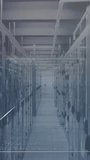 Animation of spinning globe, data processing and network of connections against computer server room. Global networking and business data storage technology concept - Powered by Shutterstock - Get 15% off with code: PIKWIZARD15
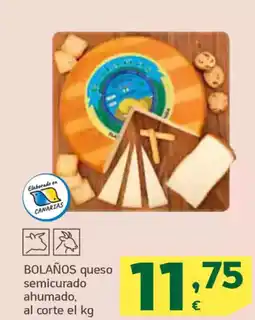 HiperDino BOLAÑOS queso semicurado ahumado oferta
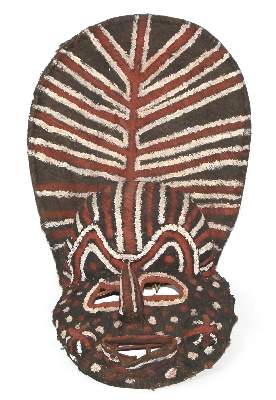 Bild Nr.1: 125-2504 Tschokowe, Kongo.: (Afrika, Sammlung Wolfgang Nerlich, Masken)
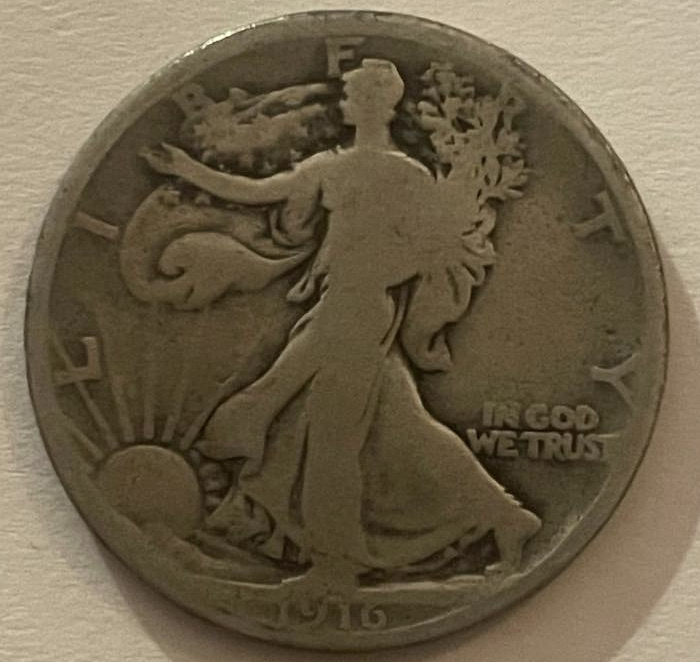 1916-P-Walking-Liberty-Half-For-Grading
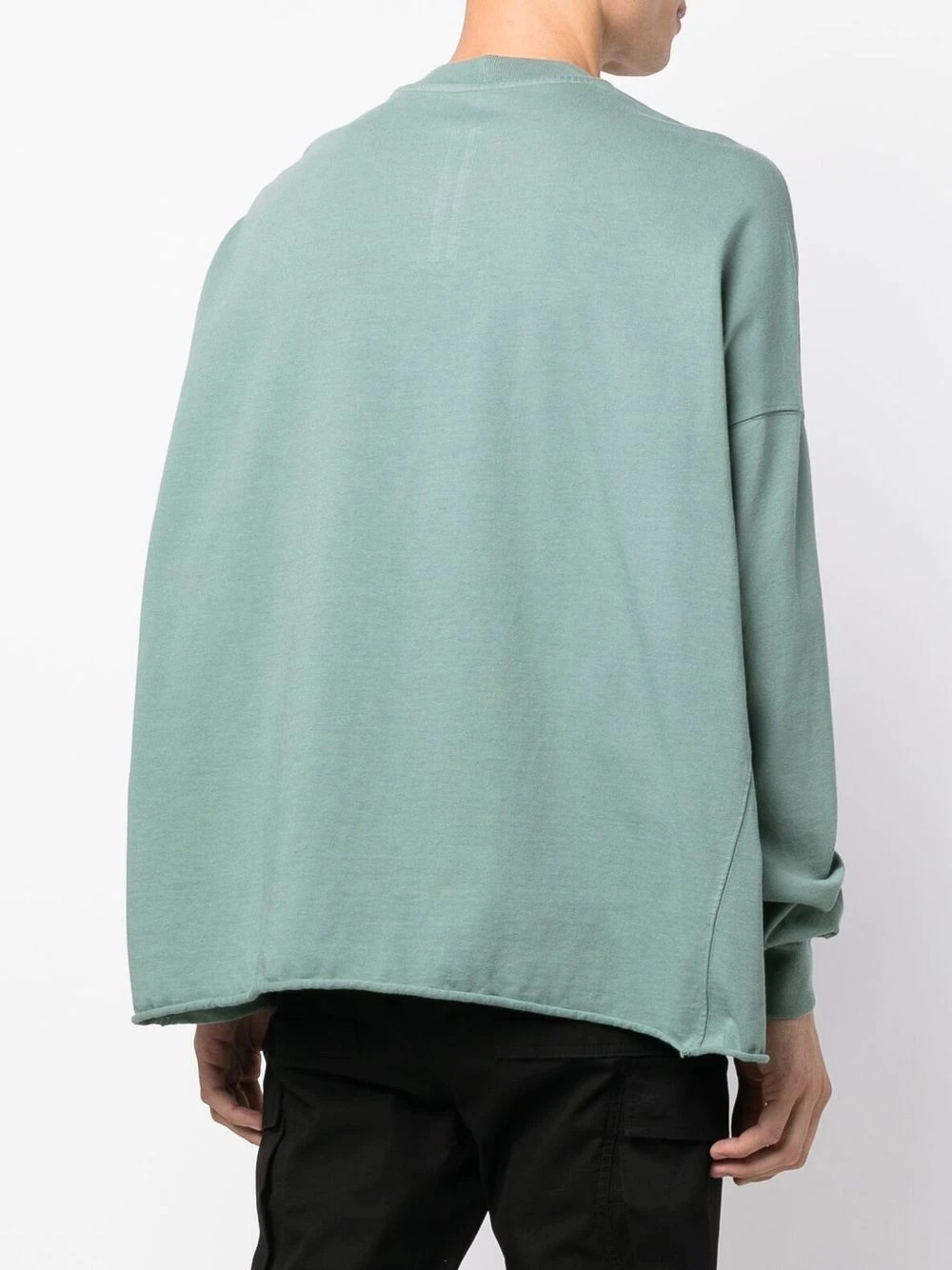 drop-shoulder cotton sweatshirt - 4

> **What you have to do**: Nothing but the lines from the one holding "1916-P-Walking-Liberty-Half-For-Grading" through the final line of the records above belongs in the answer, each retyped exactly; omit the pictures.

> **Task solution**:
 1916-P-Walking-Liberty-Half-For-Grading
 drop-shoulder cotton sweatshirt - 4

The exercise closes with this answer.